**THE DATA:**
******
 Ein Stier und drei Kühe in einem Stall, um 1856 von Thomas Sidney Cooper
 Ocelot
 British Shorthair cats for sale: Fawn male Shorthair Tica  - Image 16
******
**WHAT THE EXERCISE ASKS:** Copy the data above in full, exactly as it reads.

**ANSWER SPACE:**
 Ein Stier und drei Kühe in einem Stall, um 1856 von Thomas Sidney Cooper
 Ocelot
 British Shorthair cats for sale: Fawn male Shorthair Tica  - Image 16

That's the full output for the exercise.